The FTSE 100 may have been dragged lower by index heavyweights on Tuesday morning, but there was a sense some calm had been restored to markets after a bruising few sessions.
While the immediate fallout from the SVB collapse may have been contained for now, the edginess around the banking sector isn’t helped by the latest revelations from Credit Suisse as it identified material weaknesses in reporting controls.
AJ Bell investment director Russ Mould said: “It may have been a ‘technical’ issue according to the Swiss bank but in the current environment and given the company’s recent sketchy track record, investors were hardly in a forgiving mood.
“Asian markets played catch up with the market chaos overnight, with the weakness hitting HSBC, but Wall Street saw fairly stable trading last night. Whether the relative calm will survive the latest print of US inflation later is an open question.
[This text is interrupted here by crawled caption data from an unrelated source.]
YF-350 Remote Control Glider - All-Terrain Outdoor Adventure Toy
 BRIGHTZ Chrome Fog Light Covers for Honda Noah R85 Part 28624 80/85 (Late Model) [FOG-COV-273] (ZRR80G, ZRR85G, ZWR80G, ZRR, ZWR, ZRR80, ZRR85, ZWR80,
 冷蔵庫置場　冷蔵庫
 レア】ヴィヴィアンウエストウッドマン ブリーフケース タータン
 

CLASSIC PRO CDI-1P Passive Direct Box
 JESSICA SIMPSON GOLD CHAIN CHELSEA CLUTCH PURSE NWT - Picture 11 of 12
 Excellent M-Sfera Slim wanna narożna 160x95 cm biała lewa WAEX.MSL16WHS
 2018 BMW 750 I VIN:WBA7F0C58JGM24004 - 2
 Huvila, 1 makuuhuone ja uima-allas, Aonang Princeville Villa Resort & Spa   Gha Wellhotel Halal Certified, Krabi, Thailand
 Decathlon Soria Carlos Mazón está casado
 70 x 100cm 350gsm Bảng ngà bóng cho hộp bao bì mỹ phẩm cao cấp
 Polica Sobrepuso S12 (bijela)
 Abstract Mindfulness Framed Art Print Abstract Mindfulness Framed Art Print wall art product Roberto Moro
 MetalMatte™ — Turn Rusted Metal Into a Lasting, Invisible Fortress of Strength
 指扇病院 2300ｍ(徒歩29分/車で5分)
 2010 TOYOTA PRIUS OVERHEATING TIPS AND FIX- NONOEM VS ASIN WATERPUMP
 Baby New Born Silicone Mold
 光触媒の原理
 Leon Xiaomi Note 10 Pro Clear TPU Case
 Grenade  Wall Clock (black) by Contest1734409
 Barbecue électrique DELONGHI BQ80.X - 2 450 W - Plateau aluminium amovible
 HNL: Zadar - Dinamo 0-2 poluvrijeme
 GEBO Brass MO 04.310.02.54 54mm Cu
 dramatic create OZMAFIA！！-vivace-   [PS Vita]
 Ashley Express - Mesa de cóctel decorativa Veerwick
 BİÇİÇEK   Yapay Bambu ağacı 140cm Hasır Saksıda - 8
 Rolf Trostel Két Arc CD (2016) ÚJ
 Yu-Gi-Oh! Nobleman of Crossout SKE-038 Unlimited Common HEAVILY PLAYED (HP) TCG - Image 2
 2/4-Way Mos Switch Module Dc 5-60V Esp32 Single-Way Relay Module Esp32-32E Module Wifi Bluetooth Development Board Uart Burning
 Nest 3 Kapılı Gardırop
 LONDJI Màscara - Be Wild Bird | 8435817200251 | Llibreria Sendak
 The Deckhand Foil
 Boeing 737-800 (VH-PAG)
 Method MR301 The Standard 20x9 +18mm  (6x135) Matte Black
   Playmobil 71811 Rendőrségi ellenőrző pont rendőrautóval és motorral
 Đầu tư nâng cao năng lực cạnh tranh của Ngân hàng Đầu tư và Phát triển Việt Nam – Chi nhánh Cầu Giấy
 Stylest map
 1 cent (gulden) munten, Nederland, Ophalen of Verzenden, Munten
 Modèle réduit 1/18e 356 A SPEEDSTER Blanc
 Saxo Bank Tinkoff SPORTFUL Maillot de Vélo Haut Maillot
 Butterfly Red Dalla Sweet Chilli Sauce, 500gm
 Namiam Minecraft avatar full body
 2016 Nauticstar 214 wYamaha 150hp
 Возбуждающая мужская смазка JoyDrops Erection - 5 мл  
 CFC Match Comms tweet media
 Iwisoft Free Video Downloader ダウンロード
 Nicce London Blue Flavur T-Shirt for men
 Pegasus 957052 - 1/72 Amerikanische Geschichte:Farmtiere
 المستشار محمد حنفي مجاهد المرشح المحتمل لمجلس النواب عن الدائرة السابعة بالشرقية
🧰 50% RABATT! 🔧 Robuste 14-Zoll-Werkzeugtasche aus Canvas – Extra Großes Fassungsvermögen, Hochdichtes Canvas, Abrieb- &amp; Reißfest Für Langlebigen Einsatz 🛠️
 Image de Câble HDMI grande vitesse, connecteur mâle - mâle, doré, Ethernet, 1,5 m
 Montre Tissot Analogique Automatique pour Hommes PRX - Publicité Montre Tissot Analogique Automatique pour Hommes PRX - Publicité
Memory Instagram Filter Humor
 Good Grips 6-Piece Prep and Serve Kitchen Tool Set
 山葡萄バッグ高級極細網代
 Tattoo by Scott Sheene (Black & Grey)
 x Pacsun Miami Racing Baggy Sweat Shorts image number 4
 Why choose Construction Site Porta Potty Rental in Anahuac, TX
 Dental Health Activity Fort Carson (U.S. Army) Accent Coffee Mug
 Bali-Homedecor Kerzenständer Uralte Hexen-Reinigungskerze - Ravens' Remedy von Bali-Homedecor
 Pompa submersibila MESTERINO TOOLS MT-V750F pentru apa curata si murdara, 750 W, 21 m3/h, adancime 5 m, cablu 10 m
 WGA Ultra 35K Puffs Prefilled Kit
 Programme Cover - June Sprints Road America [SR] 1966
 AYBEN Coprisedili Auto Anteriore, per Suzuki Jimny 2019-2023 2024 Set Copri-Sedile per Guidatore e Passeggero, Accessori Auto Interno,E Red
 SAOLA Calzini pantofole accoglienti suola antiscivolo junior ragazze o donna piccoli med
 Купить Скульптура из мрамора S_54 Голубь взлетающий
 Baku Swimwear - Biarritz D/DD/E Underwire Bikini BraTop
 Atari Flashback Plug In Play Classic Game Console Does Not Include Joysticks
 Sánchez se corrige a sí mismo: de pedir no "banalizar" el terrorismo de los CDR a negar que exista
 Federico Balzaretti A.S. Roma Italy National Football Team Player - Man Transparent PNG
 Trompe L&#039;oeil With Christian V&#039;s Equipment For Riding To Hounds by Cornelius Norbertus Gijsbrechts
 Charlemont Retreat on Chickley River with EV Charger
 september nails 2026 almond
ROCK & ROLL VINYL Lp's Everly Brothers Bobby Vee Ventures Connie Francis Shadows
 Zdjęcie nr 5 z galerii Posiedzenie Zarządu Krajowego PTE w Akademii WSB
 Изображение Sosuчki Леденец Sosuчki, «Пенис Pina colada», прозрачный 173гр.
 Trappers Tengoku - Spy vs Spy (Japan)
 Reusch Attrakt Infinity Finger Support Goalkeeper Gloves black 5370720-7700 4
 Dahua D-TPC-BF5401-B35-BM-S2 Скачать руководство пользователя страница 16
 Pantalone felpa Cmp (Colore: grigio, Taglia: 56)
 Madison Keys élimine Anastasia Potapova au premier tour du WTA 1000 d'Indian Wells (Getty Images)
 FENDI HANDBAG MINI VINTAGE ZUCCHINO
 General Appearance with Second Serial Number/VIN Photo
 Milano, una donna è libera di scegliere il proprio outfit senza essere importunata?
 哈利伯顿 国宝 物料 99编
“Given expectations have been ratcheted back for interest rate increases amid concern the current rate hiking cycle is starting to break things in the financial system, the markets, the Federal Reserve and politicians will be desperate to see an easing of inflationary pressures.
“If inflation comes in ahead of expectations, volatility is likely to pick up once again as investors look ahead to the Fed’s meeting on 22 March. In advance of tomorrow’s UK Budget, Centrica gave a boost to the country’s energy security by developing a plan to extend the life of two of its nuclear power stations.